Да, и не хочешь, а засмеешься, вспомнив все это,
а обеих пациенток, естественно, быстренько препроводили в ближайшую больницу, где их,
насколько Дрейффу известно,
до сих пор держат,
запертыми, каждую в загаженном, усыпанным соломой стойле.
Нет, теперь это уже не помогало, как он ни пытался убедить своих пациенток в том, что их жалкие, маленькие и миленькие женские мозги не выдерживают подобной умственной деятельности.
Что они слишком малы,
что они не предназначены для того, чтобы постигать такие материи, как искусство, наука, литературное творчество, расчеты и цифры.
Что женщины могут взорваться, если не будут слушаться его советов и не откажутся раз и навсегда от попыток думать слишком глубоко и глобально.
Не помогало, сколько бы он,
с помощью капусты брокколи, слив и заспиртованного крошечного мозга крота
(про который доктор беззастенчиво утверждал, что он извлечен из женской головы среднего размера),
не пытался с точностью продемонстрировать им, как малы их интеллектуальные возможности по сравнению с мужскими…
Все равно у них до конца сеанса не исчезал некий скепсис во взгляде,
будто им постепенно что-то становилось ясно,
и они могли,
едва он выпроводит за дверь,
застыть в темном коридоре, а потом вдруг повернуться и уставиться на него так, что у него мурашки по спине бежали,
и он тут же чувствовал себя маленьким, ничтожным, глупым, робким, слабым и почти валился навзничь.
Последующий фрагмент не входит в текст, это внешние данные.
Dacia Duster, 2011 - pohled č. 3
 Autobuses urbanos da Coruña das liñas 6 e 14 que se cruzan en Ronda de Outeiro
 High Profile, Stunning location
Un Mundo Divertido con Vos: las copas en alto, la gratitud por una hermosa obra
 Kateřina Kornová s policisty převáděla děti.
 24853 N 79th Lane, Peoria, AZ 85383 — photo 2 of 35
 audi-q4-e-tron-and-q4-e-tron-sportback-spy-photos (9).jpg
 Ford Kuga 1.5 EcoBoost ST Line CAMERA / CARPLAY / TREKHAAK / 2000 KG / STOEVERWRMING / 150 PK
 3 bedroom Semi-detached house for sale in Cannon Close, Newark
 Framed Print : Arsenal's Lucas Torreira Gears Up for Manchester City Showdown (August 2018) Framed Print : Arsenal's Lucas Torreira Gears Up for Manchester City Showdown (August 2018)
(В таком случае он, как правило, молниеносно закрывал дверь, как следует запирал ее и, потрясенный до основания, доставал зачитанный экземпляр «Короля Лира» и, чтобы успокоиться, перечитывал некоторые сцены.)
Теперь же он прямо не знал, что делать.
В трудах профессора Попокоффа ничего не говорилось об этом довольно вызывающем взгляде.
Дрейф скрупулезно прочел каждый запыленный фолиант от корки до корки,
он не ложился до трех часов ночи и спокойно штудировал каждый параграф, каждую сноску,
но, тем не менее, не нашел ничего, что могло бы сравниться с этим недавно проявившимся и чрезвычайно тревожным явлением.
Самая мысль о нем наполнила Дрейфа ужасом,
он безуспешно попытался отогнать ее,
и в этот момент, словно ангел-избавитель, госпожа Накурс постучала в дверь, просунула туда свою отлично причесанную в этот день голову и сообщила, что пришла следующая пациентка.
И Дрейф,
у которого все еще ныли лоб и виски,
стал готовиться к приему, неохотно, но с некоторым облегчением:
глубоко вздохнул,
открыл свой огромный старый журнал
(и тут же исчез в поднявшемся оттуда облаке пыли),
с трудом взял невероятного размера ручку,
окунул перо в прокисшие черные как смола чернила
и попросил госпожу Накурс впустить пациентку.
Ага!
Дрейф не был до конца уверен, должен ли он почувствовать облегчение или разочарование, увидев эту болезненно бледную, довольно высокую молодую женщину, вступившую в его затхлую, со странно скошенными стенами приемную.